**YOUR TASK**. Reproduce the records below exactly, but leave their pictures out of the copy.

[[ INPUT DATA, beginning ]]

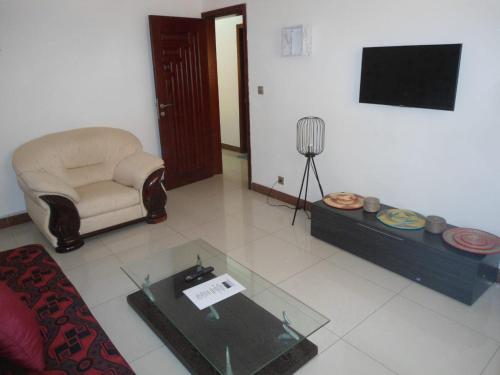 One-Bedroom Apartment image 7
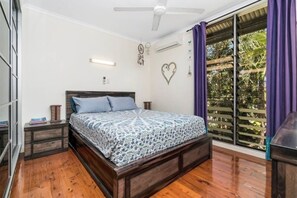 4 bedrooms, iron/ironing board, free WiFi, bed sheets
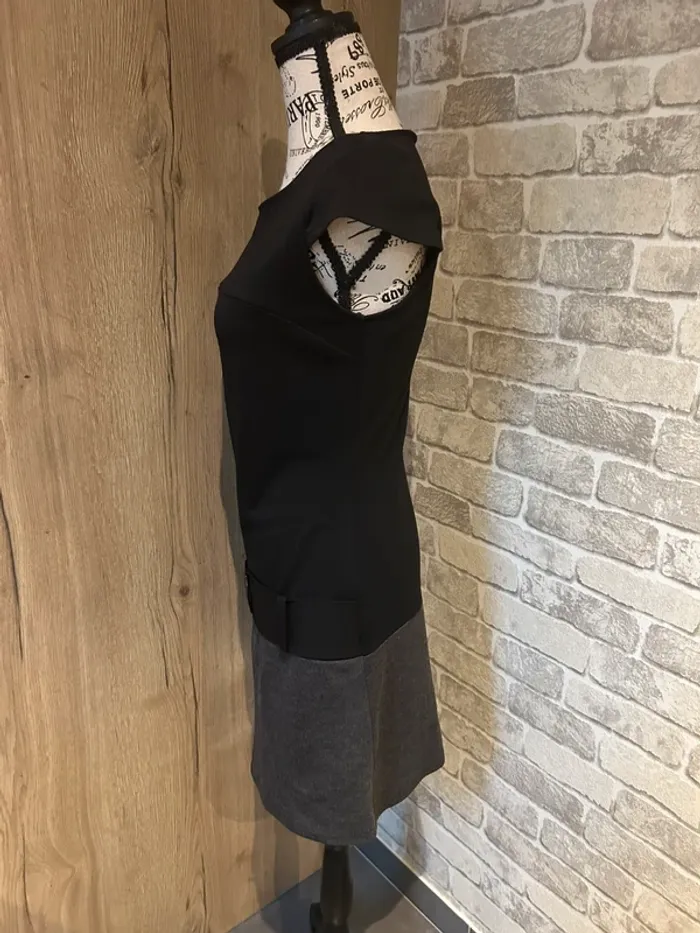 Robe noire et grise taille 34/36 - photo numéro 2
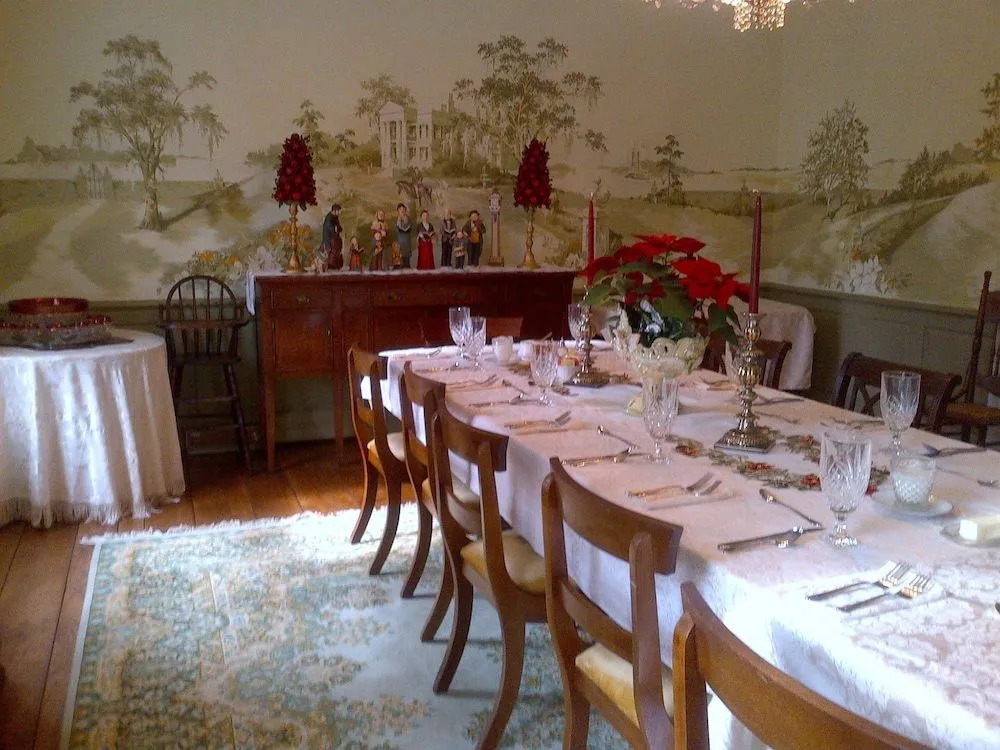 The Virginia Cliffe Inn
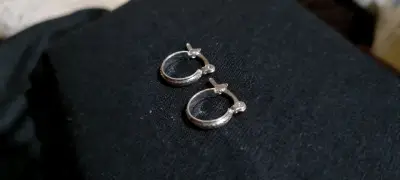 Aros de plata pequeños con cierre seguro - miniatura 2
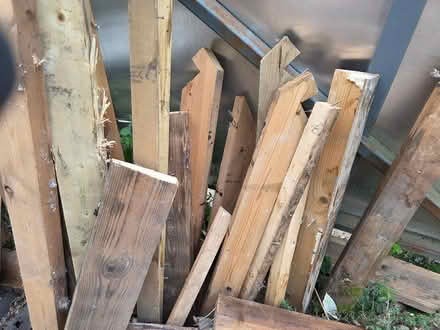 Photo of free Timber lengths (Aveley RM15) #1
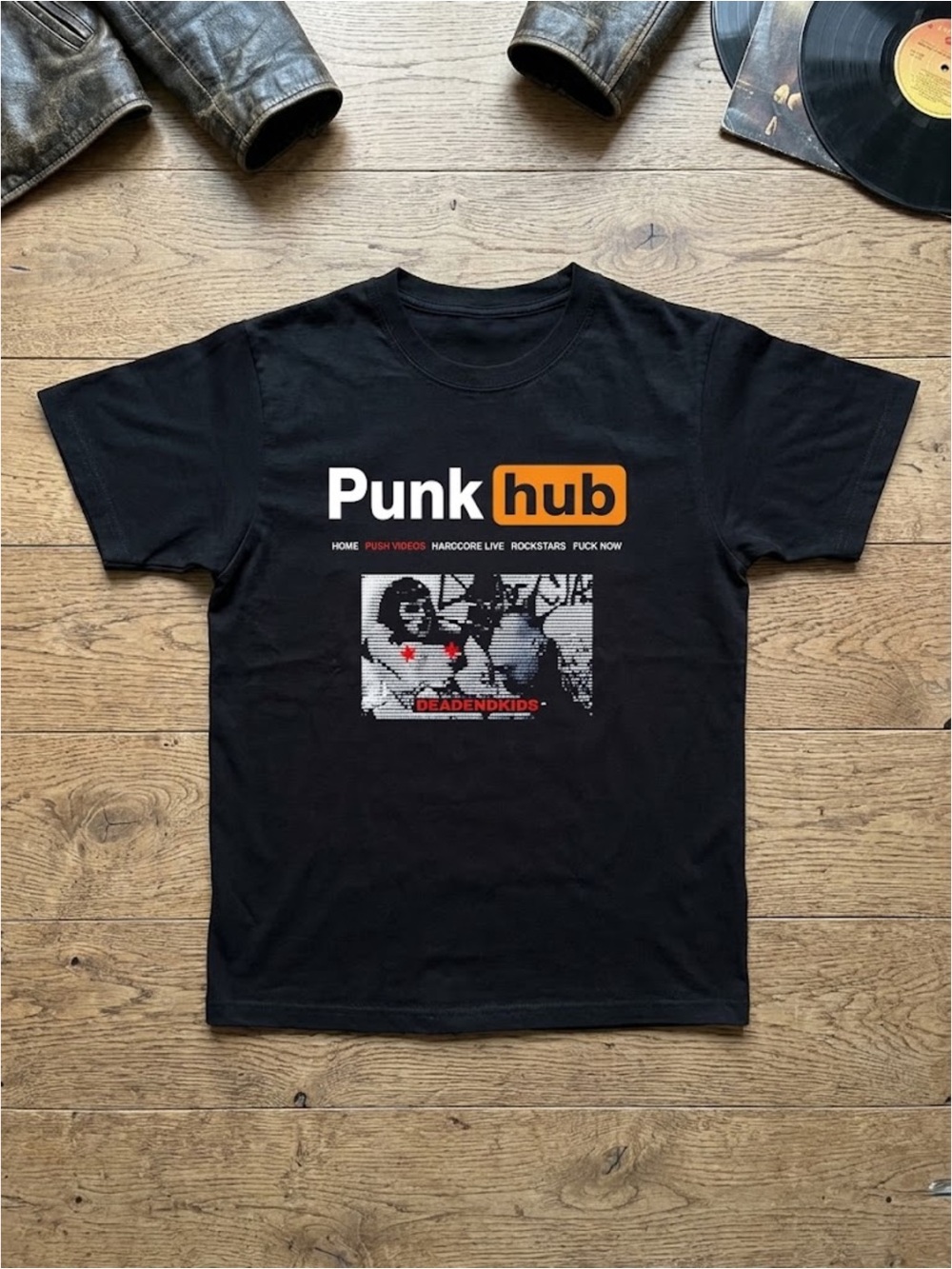 Gildan Punk Hub Graphic Tee - Black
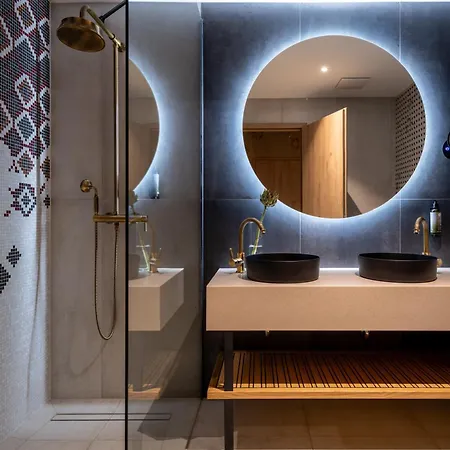 Otel Bordur Wellness Superior Es Szonyegmuzeum 4*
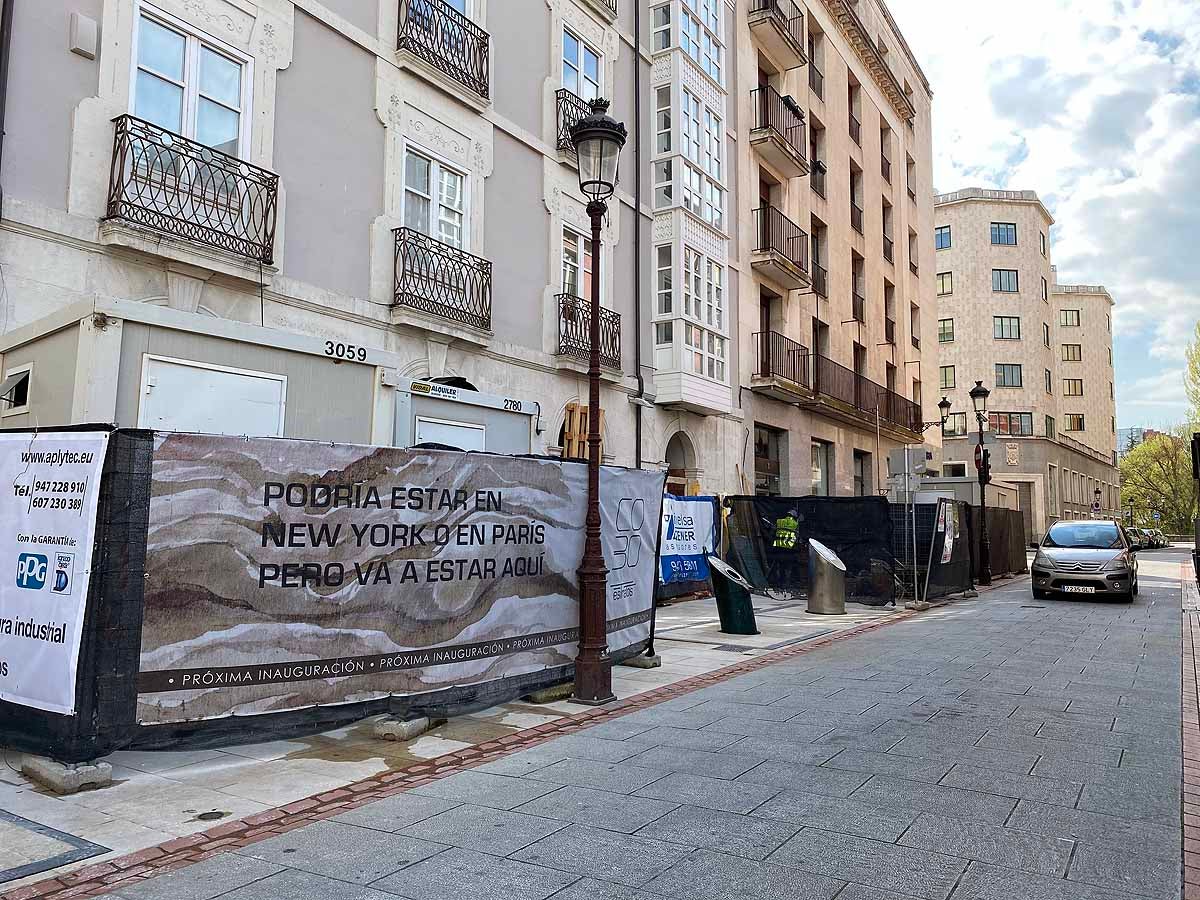 Este lunes se ha visto más peatones y más tráfico en la capital.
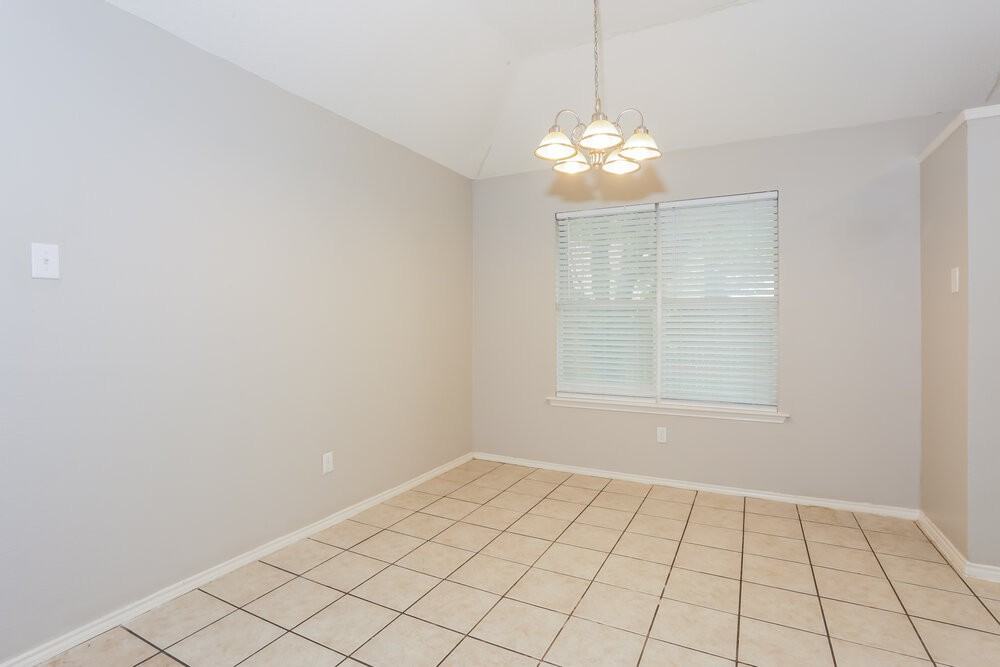 317 W Glen Meadow Dr - Photo 5 of 16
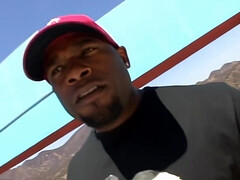 Anal, Gros cul, Sucer une bite, Tir de sperme, Hard, Interracial, Seins naturels, Plan cul à trois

[[ INPUT DATA, end ]]

**RESPONSE TO THE TASK**.
 One-Bedroom Apartment image 7
 4 bedrooms, iron/ironing board, free WiFi, bed sheets
 Robe noire et grise taille 34/36 - photo numéro 2
 The Virginia Cliffe Inn
 Aros de plata pequeños con cierre seguro - miniatura 2
 Photo of free Timber lengths (Aveley RM15) #1
 Gildan Punk Hub Graphic Tee - Black
 Otel Bordur Wellness Superior Es Szonyegmuzeum 4*
 Este lunes se ha visto más peatones y más tráfico en la capital.
 317 W Glen Meadow Dr - Photo 5 of 16
 Anal, Gros cul, Sucer une bite, Tir de sperme, Hard, Interracial, Seins naturels, Plan cul à trois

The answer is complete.